Awesome

Datasets used in ST-SSL

We provide several datasets used in the ST-SSL framework, which leverages self-supervised learning for traffic flow prediction.

The datasets range from {NYCBike1, NYCBike2, NYCTaxi, BJTaxi}.

Please use Git Large File Storage (LFS) to pull this repo to your computer.

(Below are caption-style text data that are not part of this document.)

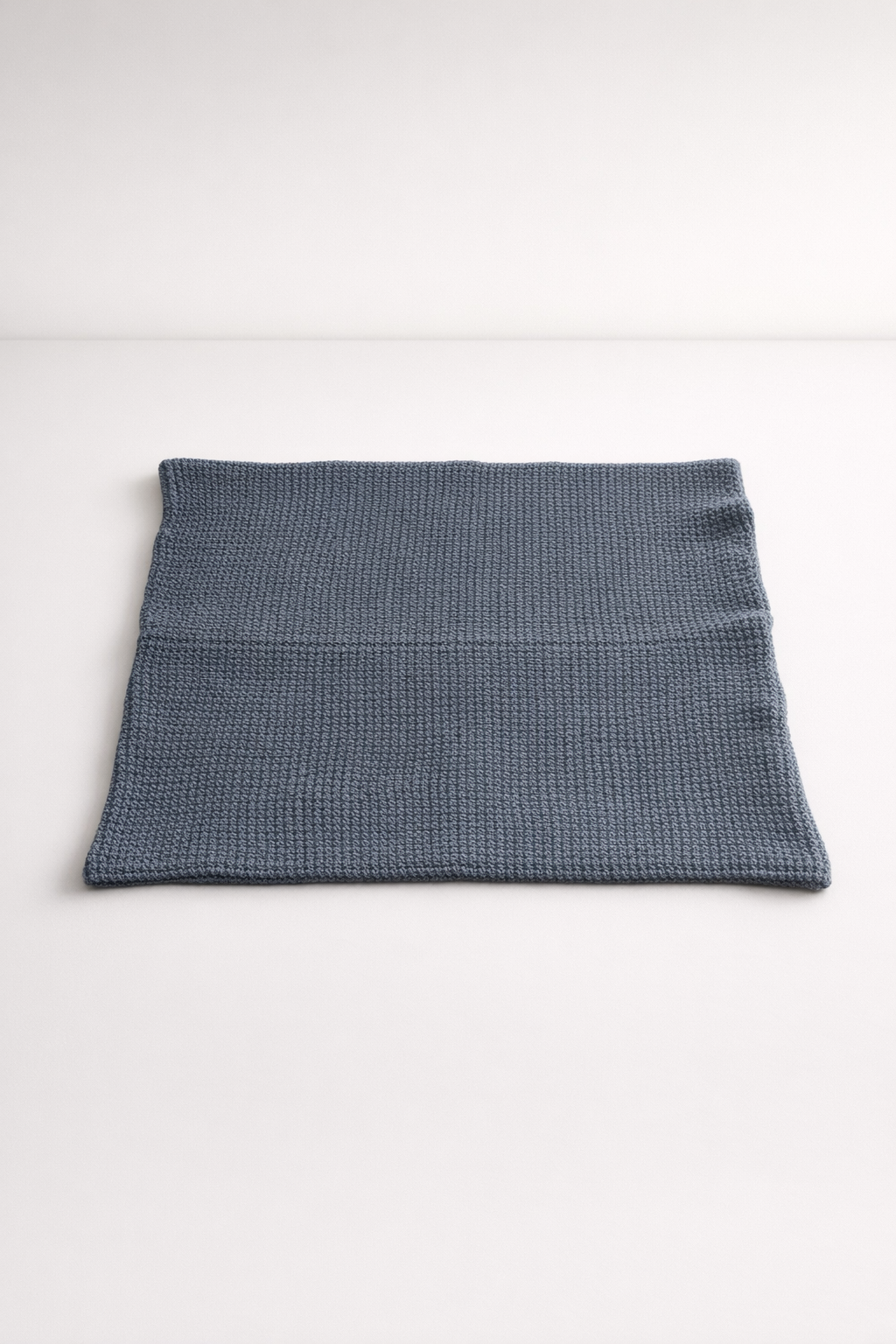 Moss Stitch Charcoal Knitted Throw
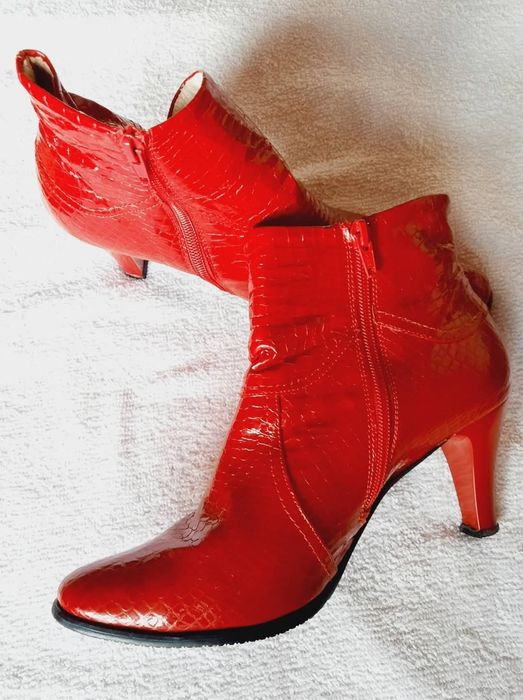 Botine damă din piele Arcomixt fabricate în România, nr.41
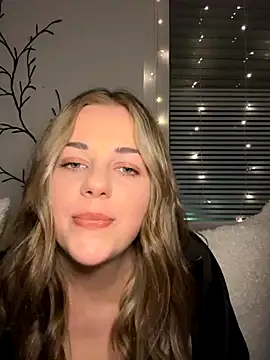 Snapshot of ItsLxsa chatting on 09/26/25, 09:43 ItsLxsa online show from 09/26/25, 09:43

You can also download the dataset at Beihang Cloud Drive or Google Drive.

Dataset Format

Each dataset is composed of 4 files, namely train.npz, val.npz, test.npz, and adj_mx.npz.

|----NYCBike1\
|    |----train.npz    # training data
|    |----adj_mx.npz   # predefined graph structure
|    |----test.npz     # test data
|    |----val.npz      # validation data

Train/Val/Test data is composed of 4 numpy.ndarray objects:

The train/val/test data is composed of 4 numpy.ndarray objects:

X: input data. It is a 4D tensor of shape (#samples, #lookback_window, #nodes, #flow_types), where # denotes the number sign.
Y: data to be predicted. It is a 4D tensor of shape (#samples, #predict_horizon, #nodes, #flow_types). Note that X and Y are paired in the sample dimension. For instance, (X_i, Y_i) is the i-the data sample with i indexing the sample dimension.
X_offset: a list indicating offsets of X's lookback window relative to the current time with offset 0.
Y_offset: a list indicating offsets of Y's prediction horizon relative to the current time with offset 0.

For all datasets, previous 2-hour flows as well as previous 3-day flows around the predicted time are used to forecast flows for the next time step.

adj_mx.npz is the graph adjacency matrix that indicates the spatial relation of every two regions/nodes in the studied area.

Dataset Usage

You can use the following code to view the data:

import numpy as np

data = np.load('./BJTaxi/train.npz')
for file in data.files:
    print(file, data[file].shape)

Raw Data

All datasets are processed by us as a sliding window view. Raw data of NYCBike1 and BJTaxi are collected from STResNet. Raw data of NYCBike2 and NYCTaxi are collected from STDN.